• [Work item]
The answer must consist solely of the lines from the one with "纽约国际奢侈品包装展：Dieline大奖、葡萄酒和烈酒关注、包装创新等。。。" through the last line of the data, copied exactly, with no pictures.

Dataset START

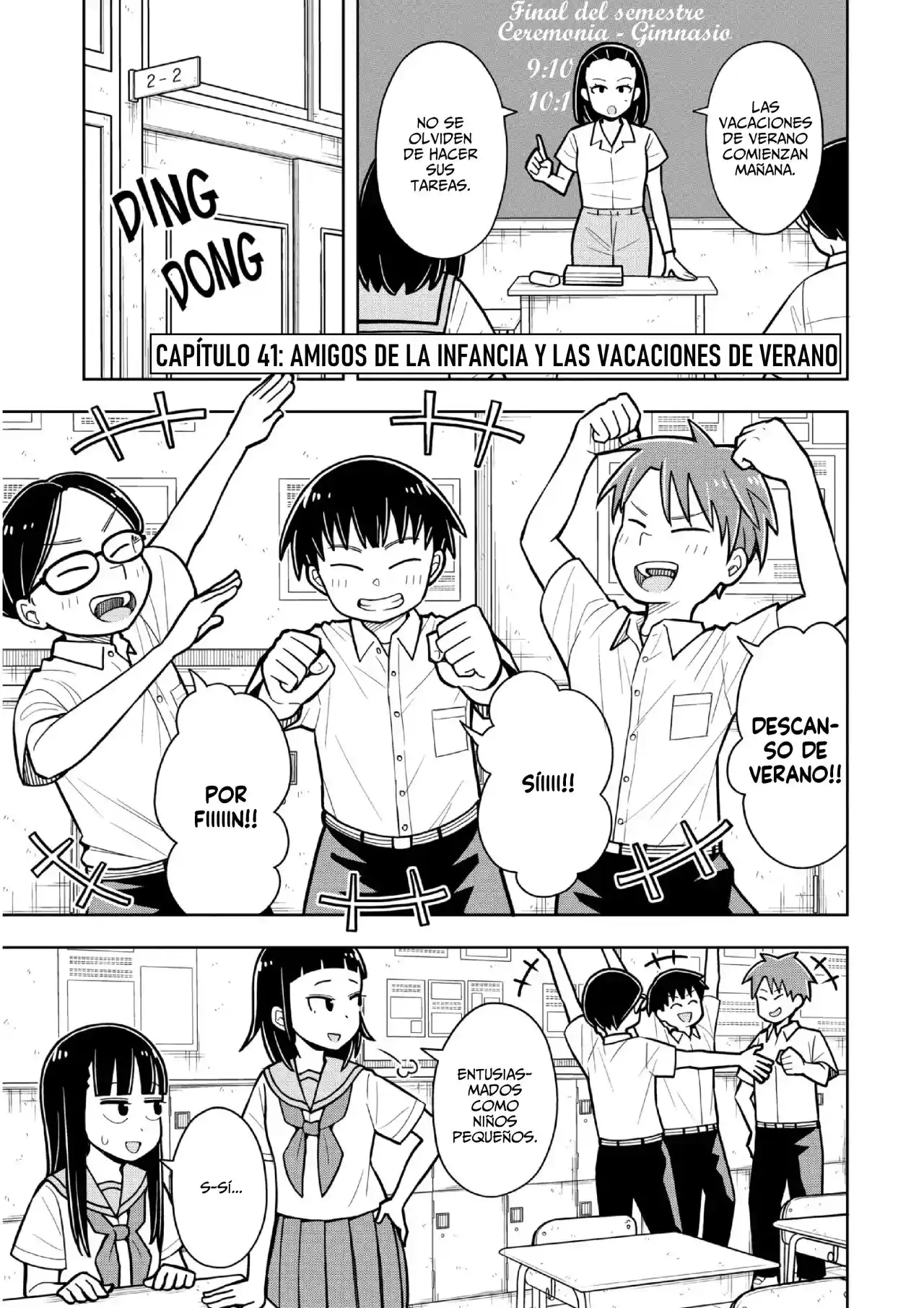 Kyou Kara Hajimeru Osananajimi - Capítulo 41 - Página 1 - LectorTMOo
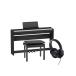 Roland FP-30X-BK + специальный подставка +3шт.@ педаль + высота низкий свободный стул комплект [ наушники *. починка Cross есть ][ Okinawa * отдаленный остров доставка отдельно . предварительный расчет ]( электронное пианино )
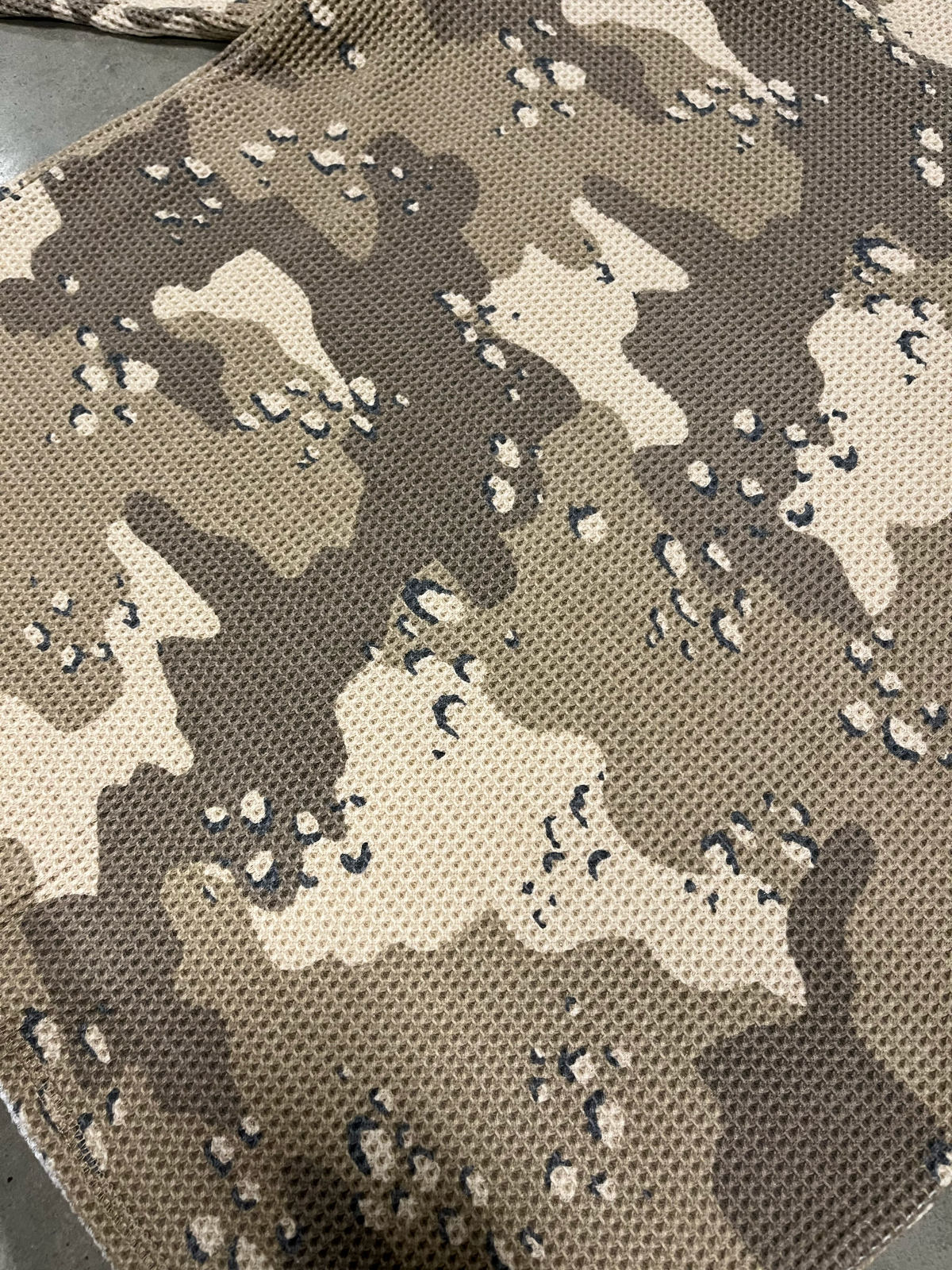 Stussy Desert Camo Thermal Longsleeve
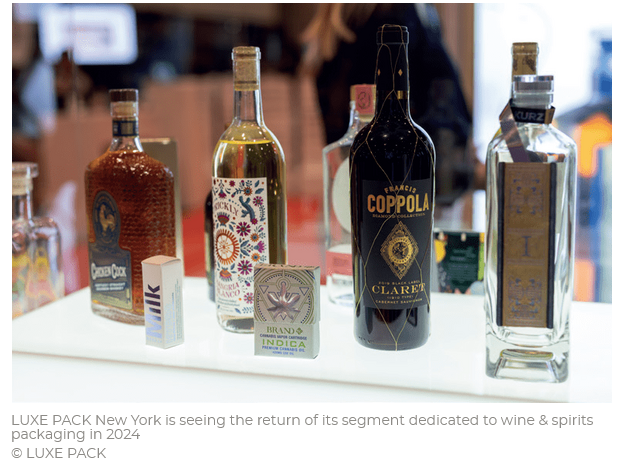 纽约国际奢侈品包装展：Dieline大奖、葡萄酒和烈酒关注、包装创新等。。。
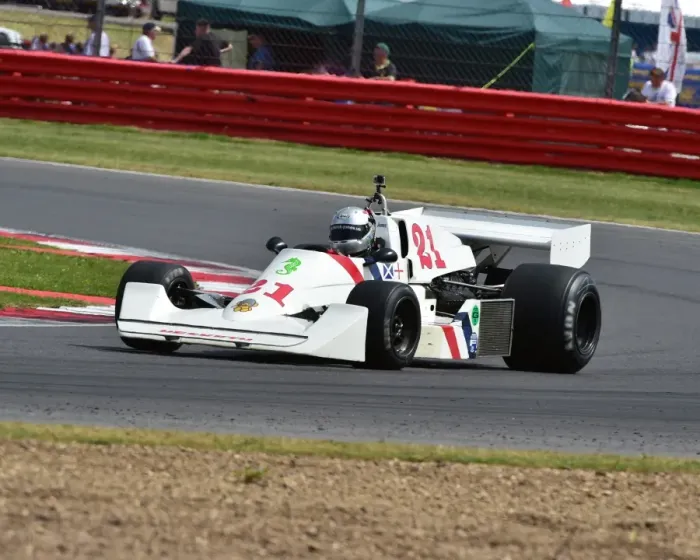 Framed Print : CM4 0698 Derek Jones, Hesketh 308C Framed Print : CM4 0698 Derek Jones, Hesketh 308C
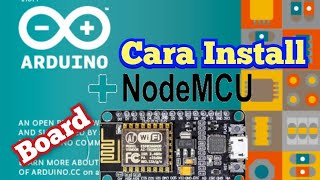 Cara Install ESP8266 pada Arduino IDE,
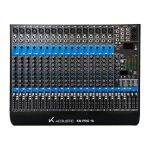 K-Acoustic KN PRO16 Mezclador 16 Canales con FX, USB y Bluetooth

Dataset END

• [Answer section]
 纽约国际奢侈品包装展：Dieline大奖、葡萄酒和烈酒关注、包装创新等。。。
 Framed Print : CM4 0698 Derek Jones, Hesketh 308C Framed Print : CM4 0698 Derek Jones, Hesketh 308C
 Cara Install ESP8266 pada Arduino IDE,
 K-Acoustic KN PRO16 Mezclador 16 Canales con FX, USB y Bluetooth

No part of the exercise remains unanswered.